▸ **The problem**
In the listing below, the lines starting at the line with "Şungit ve Dumanlı" and ending at the line with "Searchlight Houten tafellamp" are to be output verbatim. Images stay out of the copy.
=======
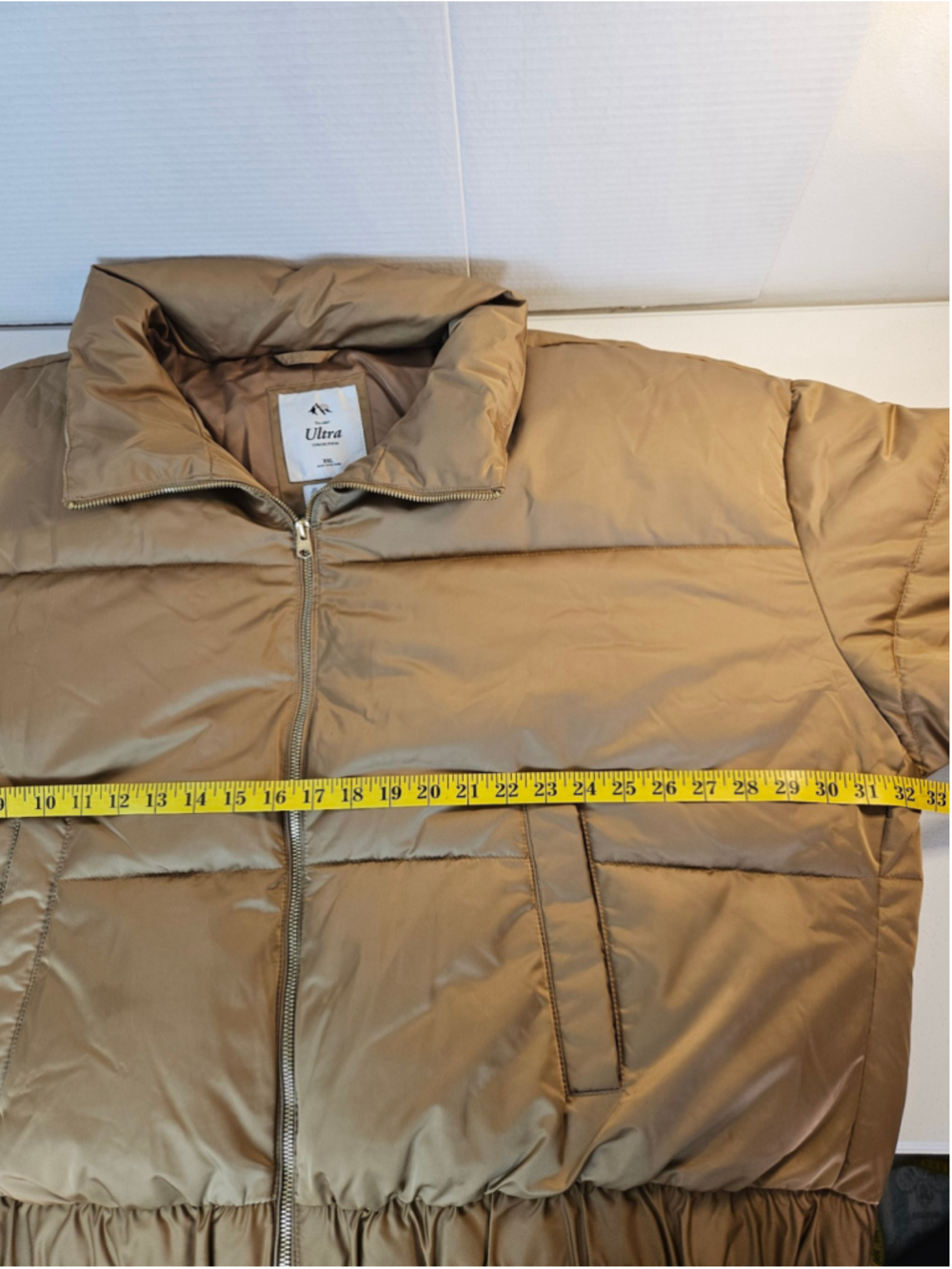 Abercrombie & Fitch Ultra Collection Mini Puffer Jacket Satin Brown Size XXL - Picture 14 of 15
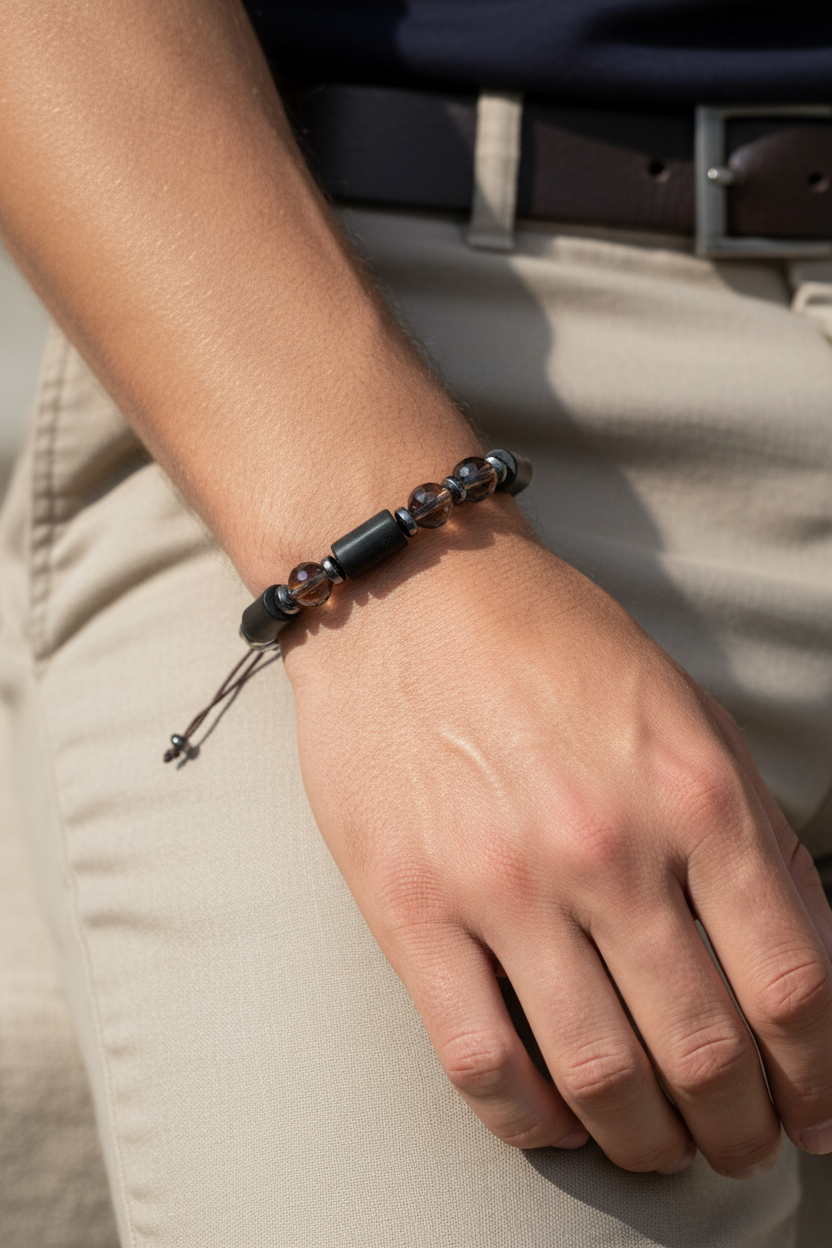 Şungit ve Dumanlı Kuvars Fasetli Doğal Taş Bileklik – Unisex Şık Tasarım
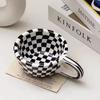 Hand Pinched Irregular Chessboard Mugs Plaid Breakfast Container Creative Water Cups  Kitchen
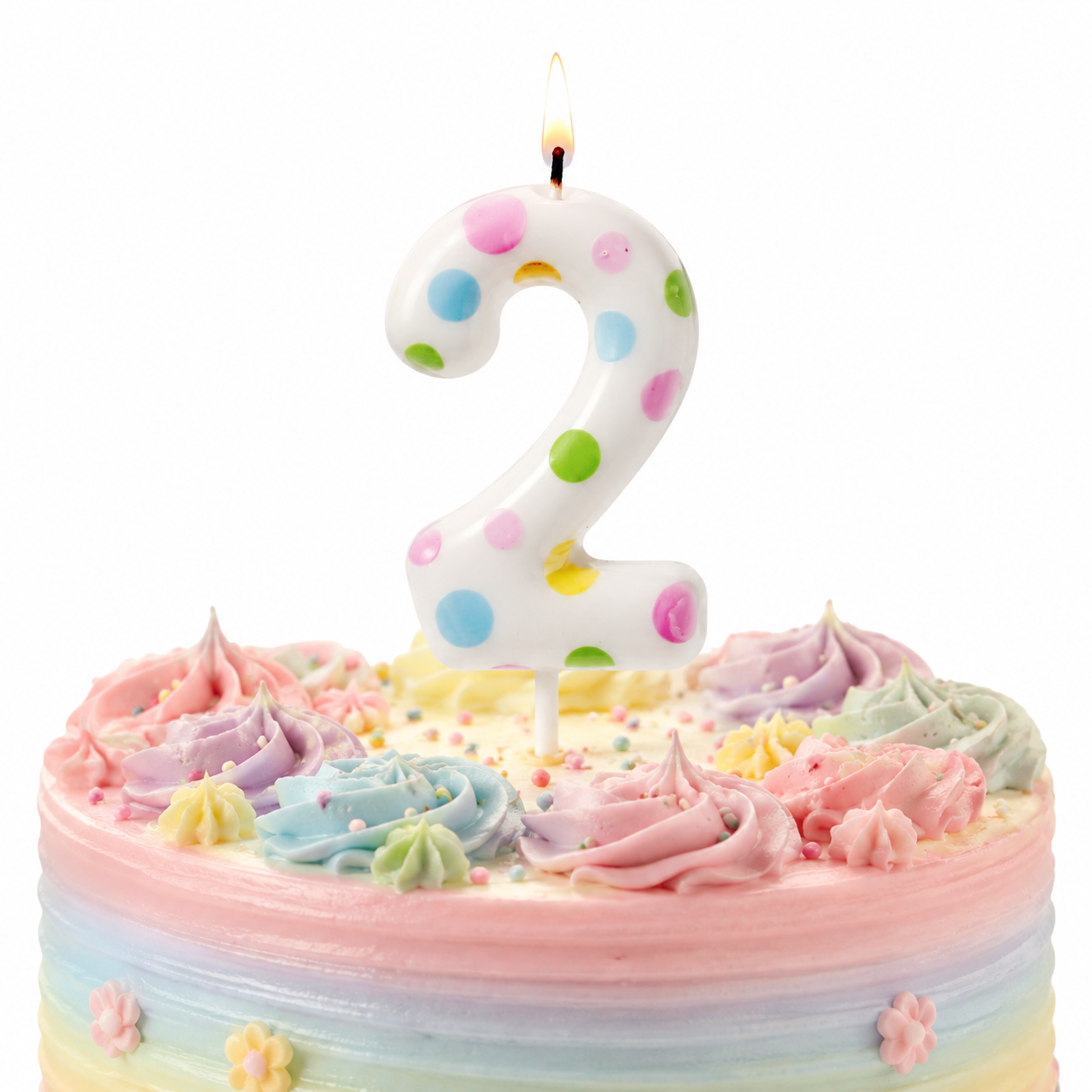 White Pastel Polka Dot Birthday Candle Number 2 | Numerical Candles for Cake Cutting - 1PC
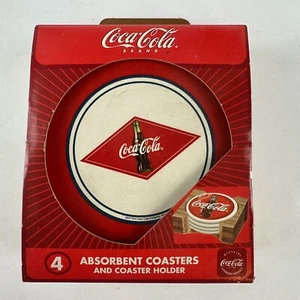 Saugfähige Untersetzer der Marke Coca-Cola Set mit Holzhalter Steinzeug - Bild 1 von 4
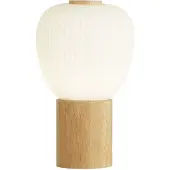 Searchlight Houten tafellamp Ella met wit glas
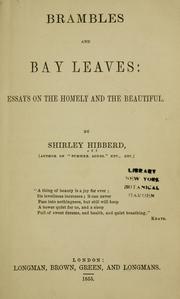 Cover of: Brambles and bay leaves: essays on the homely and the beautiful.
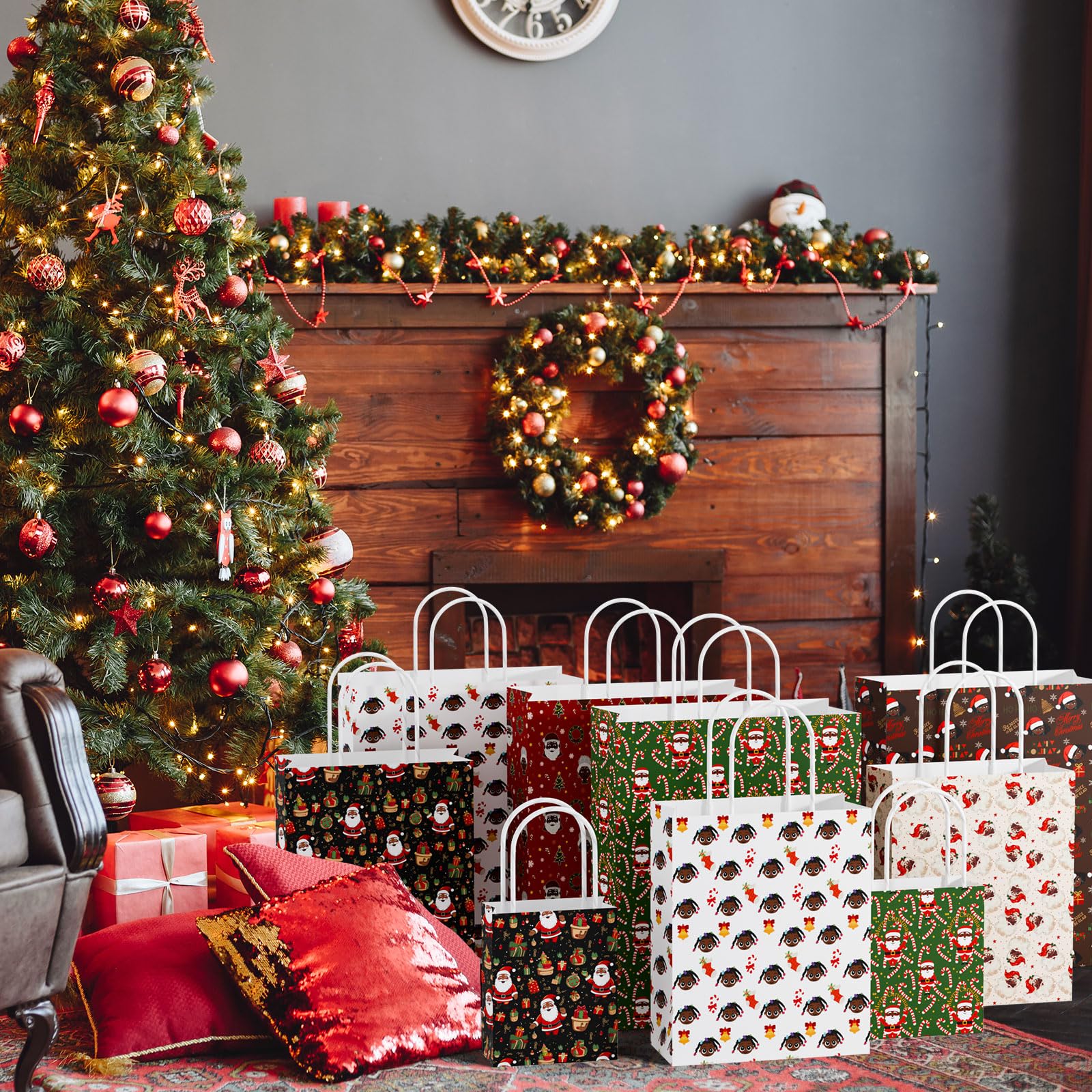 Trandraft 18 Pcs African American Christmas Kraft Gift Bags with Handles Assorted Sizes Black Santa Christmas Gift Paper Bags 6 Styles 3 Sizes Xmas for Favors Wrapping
=======
▸ **Result of the exercise**
 Şungit ve Dumanlı Kuvars Fasetli Doğal Taş Bileklik – Unisex Şık Tasarım
 Hand Pinched Irregular Chessboard Mugs Plaid Breakfast Container Creative Water Cups  Kitchen
 White Pastel Polka Dot Birthday Candle Number 2 | Numerical Candles for Cake Cutting - 1PC
 Saugfähige Untersetzer der Marke Coca-Cola Set mit Holzhalter Steinzeug - Bild 1 von 4
 Searchlight Houten tafellamp Ella met wit glas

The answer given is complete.